Con una extraña fatiga de cuerpo y de espíritu, me había
echado en el lecho, vestido con el mismo traje de viaje. Como en un ensueño,
recuerdo haber oído acercarse a mi cuarto a uno de los viejos de la
servidumbre, mascullando no sé qué palabras y mirándome vagamente con un par de
ojillos estrábicos que me hacían el efecto de un mal sueño. Luego vi que
prendió un candelabro con tres velas de cera. Cuando desperté a eso de las
nueve, las velas ardían en la habitación. Lavéme. Mudéme. Luego sentí pasos,
apareció mi padre. Por primera vez, ¡por primera vez!, vi sus ojos clavados en
los míos. Unos indescriptibles ojos, os lo aseguro; unos ojos como no habéis
visto jamás, ni veréis jamás: unos ojos con una retina casi roja, como ojos de
conejo; unos ojos que os harían temblar por la manera especial con que miraban.
»—Vamos hijo mío, te espera tu madrastra. Está allá, en el
salón. Vamos.
»Allá, en un sillón de alto respaldo, como una silla de
coro, estaba sentada una mujer.
»Ella...
»Y mi padre:
»—¡Acércate, mi pequeño James, acércate!
»Me acerqué maquinalmente. La mujer me tendía la mano. Oí
entonces, como si viniese del gran retrato, del gran retrato envuelto en
crespón, aquella voz del colegio de Oxford, pero muy triste, mucho más triste:
¡James!
»Tendí la mano. El contacto de aquella mano me heló, me
horrorizó. Sentí hielo en mis huesos. Aquella mano rígida, fría, fría. Y la
mujer no me miraba. Balbuceé un saludo, un cumplimiento. Y mi padre:
»—Esposa mía, aquí tienes a tu hijastro, a nuestro muy amado
James. Mírale, aquí le tienes; ya es tu hijo también.
»Y me miró.
»Mis mandíbulas se afianzaron una contra otra. Me poseyó el
espanto: aquellos ojos no tenían brillo alguno. Una idea comenzó,
enloquecedora, horrible, horrible, a aparecer clara en mi cerebro. De pronto,
un olor, olor... ese olor, ¡madre mía! ¡Dios mío! Ese olor —no os lo quiero
decir— porque ya lo sabéis, y os protesto: lo discuto aún ; me eriza los
cabellos.
»Y luego brotó de aquellos labios blancos, de aquella mujer
pálida, pálida, pálida, una voz, una voz como si saliese de un cántaro
gemebundo o de un subterráneo:
»—James, nuestro querido James, hijito mío, acércate; quiero
darte un beso en la frente, otro beso en los ojos, otro beso en la boca...
»No pude más. Grité:
»—¡Madre, socorro! ¡Ángeles de Dios, socorro! ¡Potestades
celestes, todas, socorro! ¡Quiero partir de aquí pronto, pronto; que me saquen
de aquí!
»Oí la voz de mi padre:
»—¡Cálmate, James! ¡Cálmate, hijo mío! Silencio, hijo mío.
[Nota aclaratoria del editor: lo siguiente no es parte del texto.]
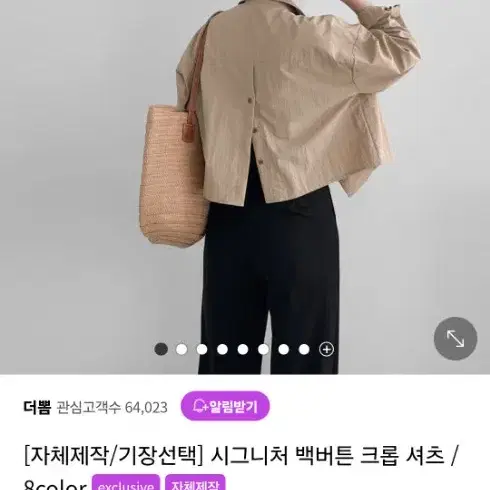 트임 크롭셔츠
»—No —grité más alto, ya en lucha con los viejos de la
servidumbre—. Yo saldré de aquí y diré a todo el mundo que el doctor Leen es un
cruel asesino; que su mujer es un vampiro; ¡que está casado mi padre con una
muerta!
CUESTIONARIO
1. ¿Quién es el padre del protagonista?
2. ¿Adónde lo "encerró"?
3. ¿Por qué él afirma que "aprendió a ser triste"?
4. ¿Con qué motivos lo fue a buscar su padre?
5. ¿Cuál fue la reacción al enterarse el tema de su "madrastra"?
6. ¿Qué fue lo que ocurrió cuando se encontró con ella?¿Quién era en realidad?